The affable Fleury has been the closest thing Vegas has to a face of the franchise. Earlier in his career, he had a reputation as an unreliable playoff performer, but he shook that off during the Pittsburgh Penguins’ Stanley Cup runs in 2016 and 2017. If he takes Vegas all the way, he’ll move past Martin Brodeur to join Patrick Roy and Billy Smith as a four-time champion.
These days, it’s fashionable to suggest that the Golden Knights’ success has been a result of the favorable expansion draft terms that they received. But when McPhee first assembled his roster last June, he was questioned at every turn. Sure, he engineered some trades to collect extra draft picks and build for the future, but why did he pick so many defensemen? Remember when we worried that Vegas wouldn’t be able to generate any offense with only James Neal and David Perron as proven NHL scorers?
With quality ice time and an opportunity to prove themselves, a new group of stars quickly staked their claim on the fabled Strip, led by William “Wild Bill” Karlsson and his 43 goals — on a contract that paid him just $1 million this season. A long list of his teammates have also delivered career years — and shown no sign of wilting in the postseason.
The NHL is known as a copycat league, where one team’s success leads to a crop of imitators. But that winning formula is constantly in flux. When the Los Angeles Kings won their Stanley Cups in 2012 and 2014, the emphasis was on brawn and playing a "heavy" game. Then Pittsburgh skated its way to two championships, and speed became a top priority.
The Golden Knights haven’t won anything yet, but other teams are already looking in the mirror — and at their rosters. How they could have misplayed the expansion draft so thoroughly? What lessons can they learn from the Vegas model?
A league that has already been skewing younger could veer even more emphatically in that direction. And we may see more quality ice time offered up to players in the Karlsson mode. But teams with established hierarchies in terms of age, salary and leadership will have a hard time duplicating the meritocracy of the group in Vegas, where players started the year on basically equal footing and all had something to prove.

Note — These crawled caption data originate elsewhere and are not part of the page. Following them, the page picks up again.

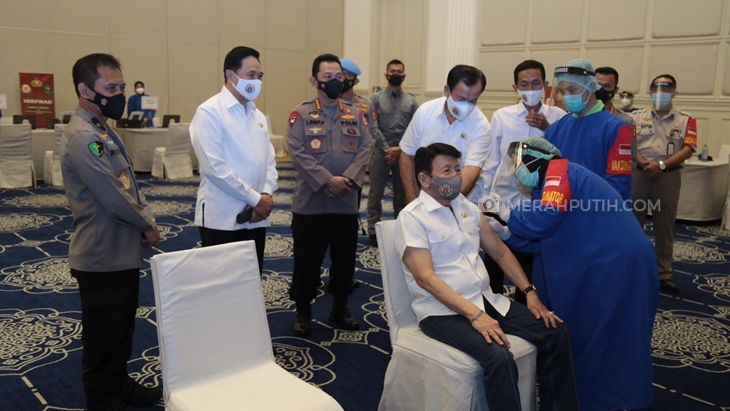 Ribuan Purnawirawan Polri Divaksinasi COVID-19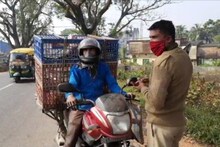 দুর্ঘটনা প্রবল এলাকায় নাকা চেকিং দত্তপুকুর ট্রাফিক পুলিশের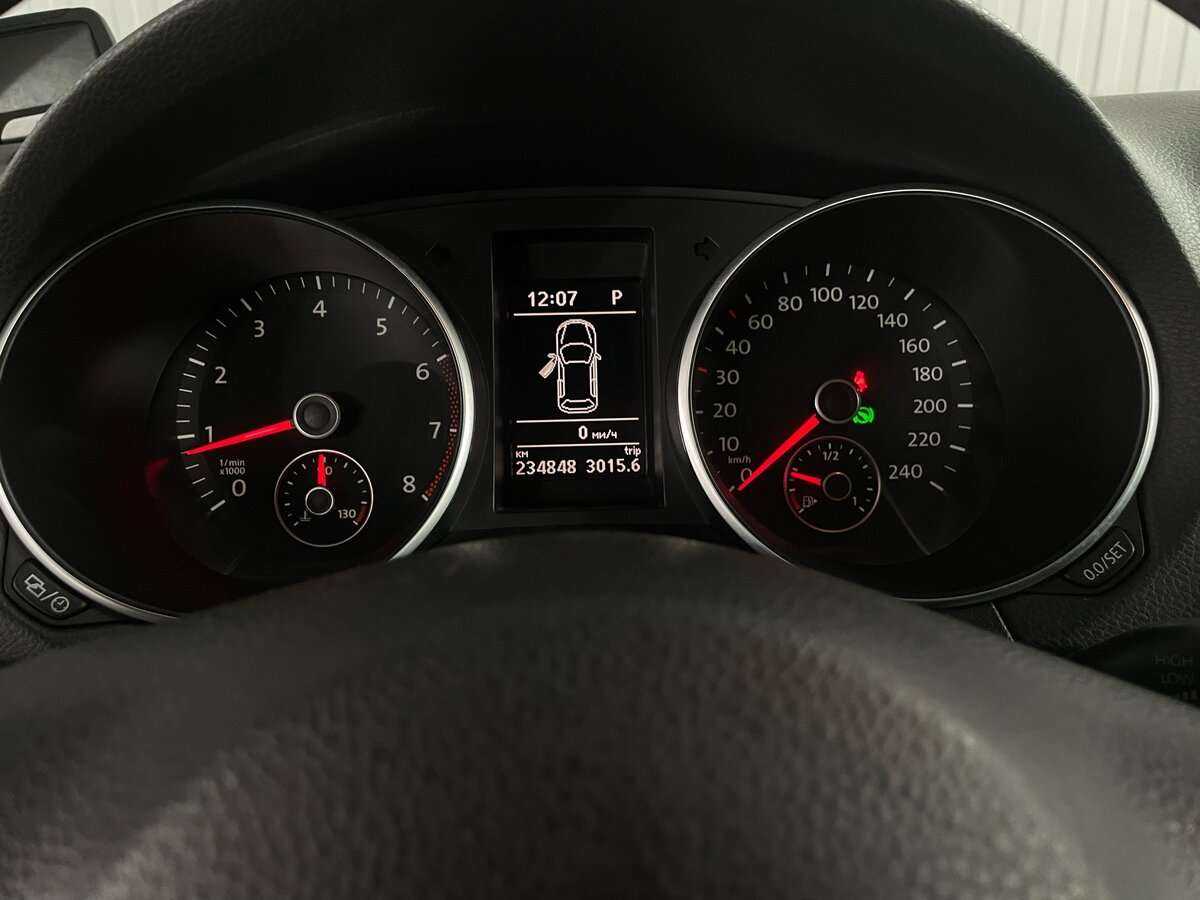 Купить Volkswagen Golf, 2012, 234 848 км.. Фото: #12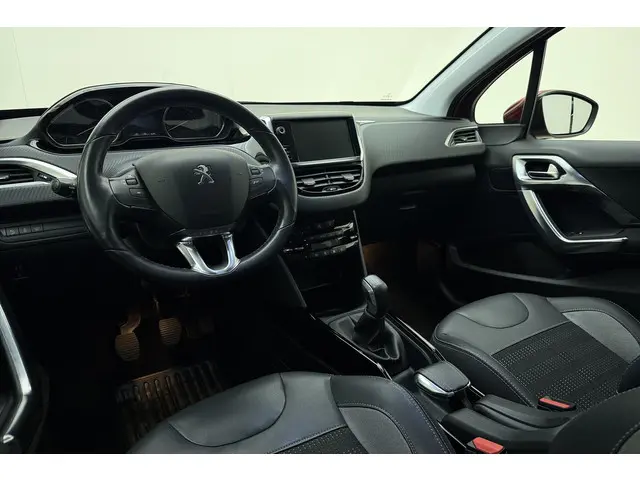 Peugeot 2008 1.2 PureTech Allure 2016 Benzine 16
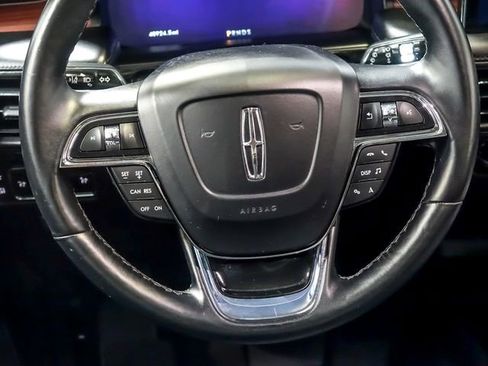 Used 2022 Lincoln Nautilus Reserve w/ Monochromatic Package AWD/4WD image 19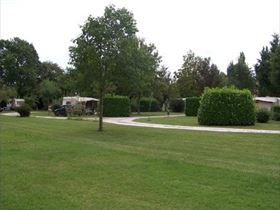 Camping Municipal Les Bords de La Seugne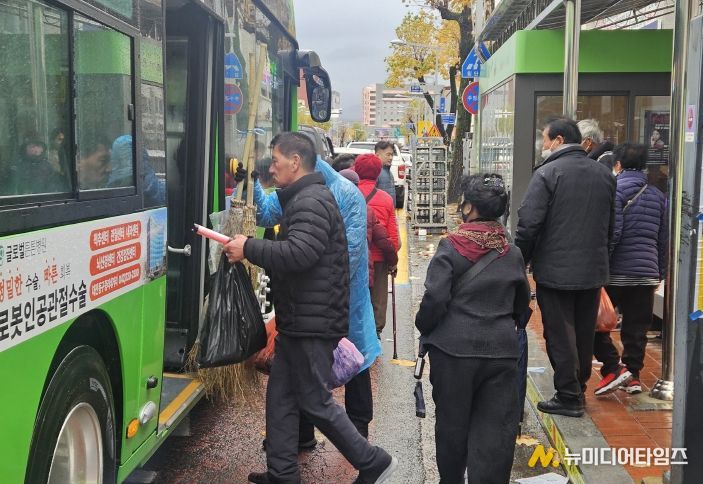 한일교통(주) 운전직 직원들과 금산군청 건설교통과 직원들이 버스 승차 어르신 짐 실어드리기 봉사에 나서고 있다.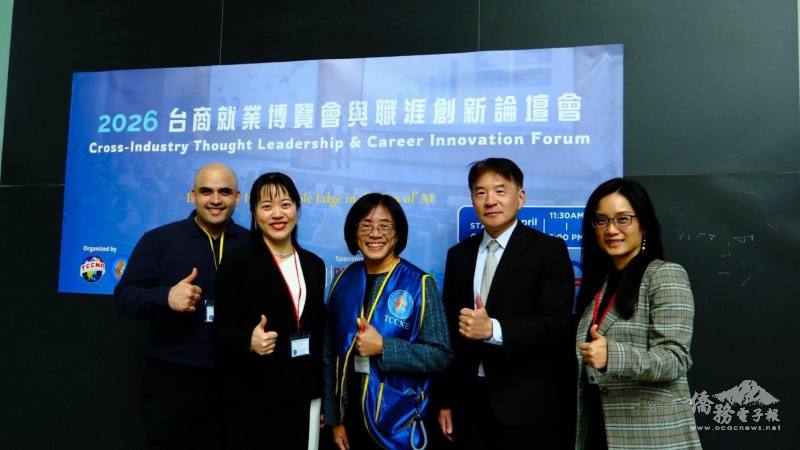 波士頓文教中心主任高家富為賴怡音及團隊加油打氣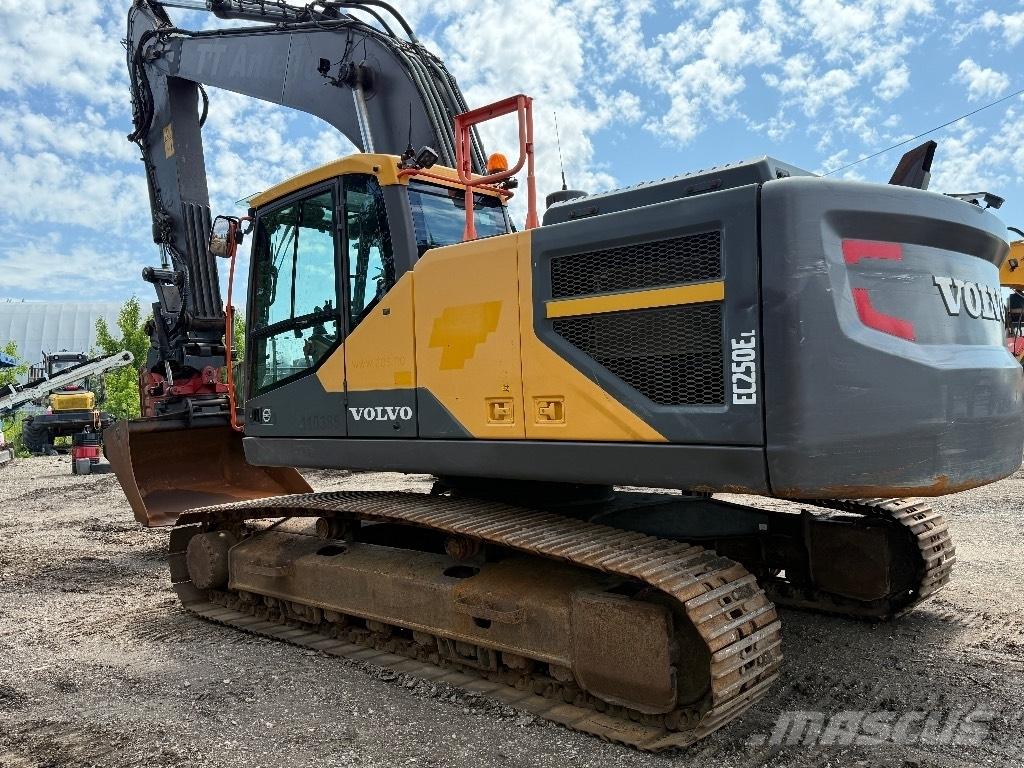 Volvo EC 250 E Beltegraver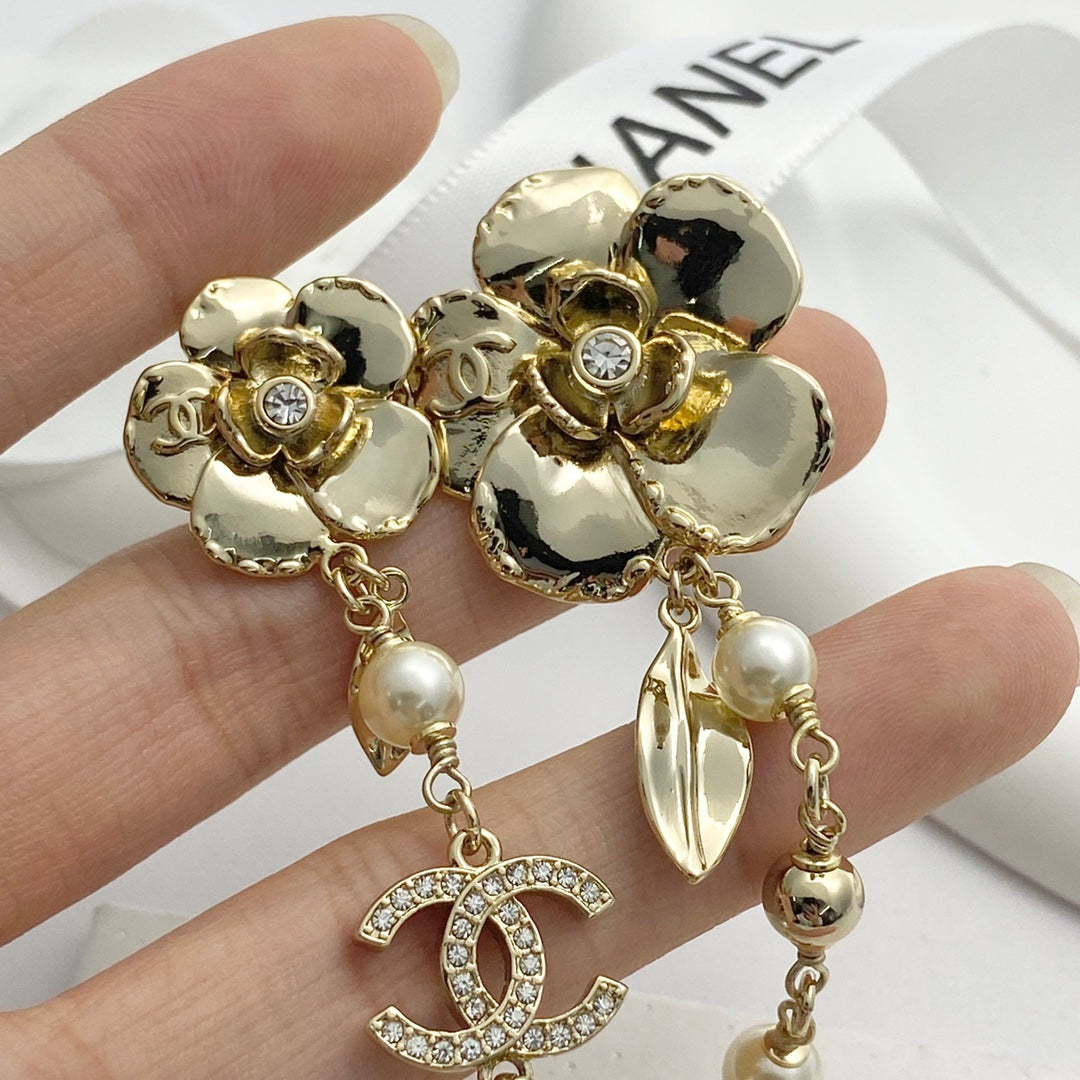 24 gemstone camellia pearl chain brooch xza11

One of McPhee’s guiding principles in the expansion draft was to target players on short-term contracts so he wouldn’t anchor his team with cumbersome financial commitments. During the season, that started to change when he signed defenseman Brayden McNabb, 27, in late November to a four-year contract extension with a cap hit of $2.5 million per season. In January, forward Jonathan Marchessault, also 27, was signed to a six-year deal with a cap hit of $5 million per season.
More deals will need to be struck this summer — most notably for Karlsson, 25, who had 20 and 25 points in his two seasons with the Columbus Blue Jackets before his breakout 78-point year in Vegas. Other restricted free agents looking for big raises include defensemen Colin Miller and Shea Theodore, who have both been important playoff contributors.
Winners get paid. It may not be long before the Golden Knights find themselves struggling with the same salary-cap issues that plagued the Chicago Blackhawks after their young team won a championship in 2010.
Before that happens, 30 other NHL teams will be doing their best to mold themselves in Vegas' image.